One characteristic of mine that has survived the time-machine jump from chronological 1984 to the current draft is a resistance - can't help it - to this kind of push selling. They're ever so slightly desperate, aren't they? But they live on a kind of conformity as well. Got a text yesterday from the utility company that does my mobile phone. "Hi William," it began, and went on to remind me not to miss a football match.
If you can't see it, I'm not going to spell it out. Heard a very good talk recently by Douglas Rushkoff, author of 'Throwing Rocks At The Google Bus' and other titles, in which he raised the subject of growth. It is ridiculous, Rushkoff argued, to expect companies endlessly to grow. My example would be Twitter, which is useful to its relatively limited constituency but losing advertisers, backers, et cetera, because its numbers aren't constantly growing.
Thinking about the talk afterwards, I wondered about a possible analogy.

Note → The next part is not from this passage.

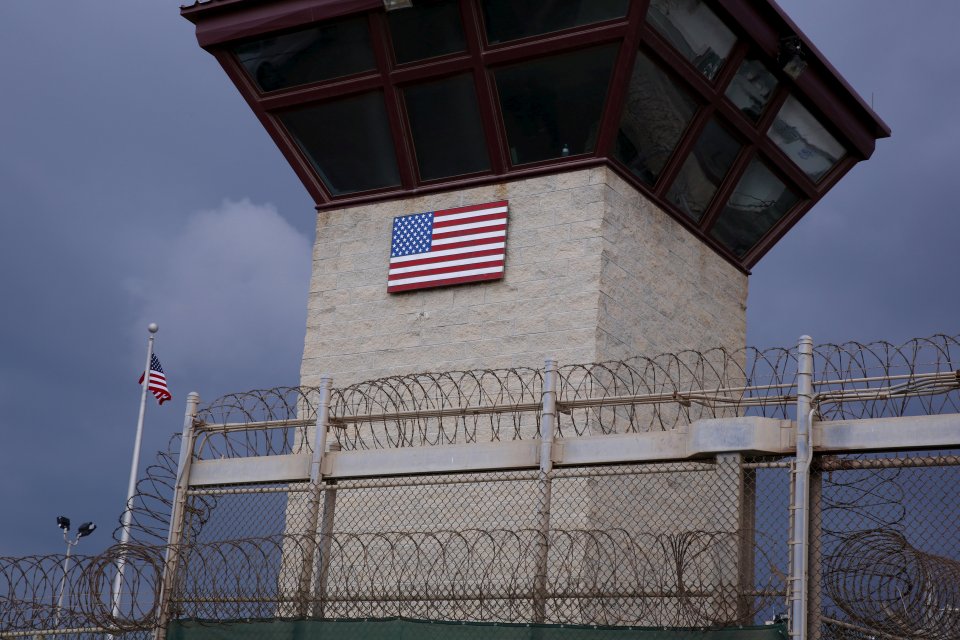 The United States flag decorates the side of a guard tower inside of Joint Task Force Guantanamo Camp VI at the U.S. Naval Base in Guantanamo Bay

If the present business model of social-media companies is constant growth - thus, desperation to attract late adopters like me as well as to offer treats (football matches) to existing subscribers - then it's unsustainable. One version of history is that President Reagan ramped up defence spending, thus forcing the Soviet Union to follow suit, until the Soviet Union ran out of money and collapsed. If they don't keep on ramping up the numbers, social-media companies...
Word beginning with C. Should have titled this post "I'll raise you."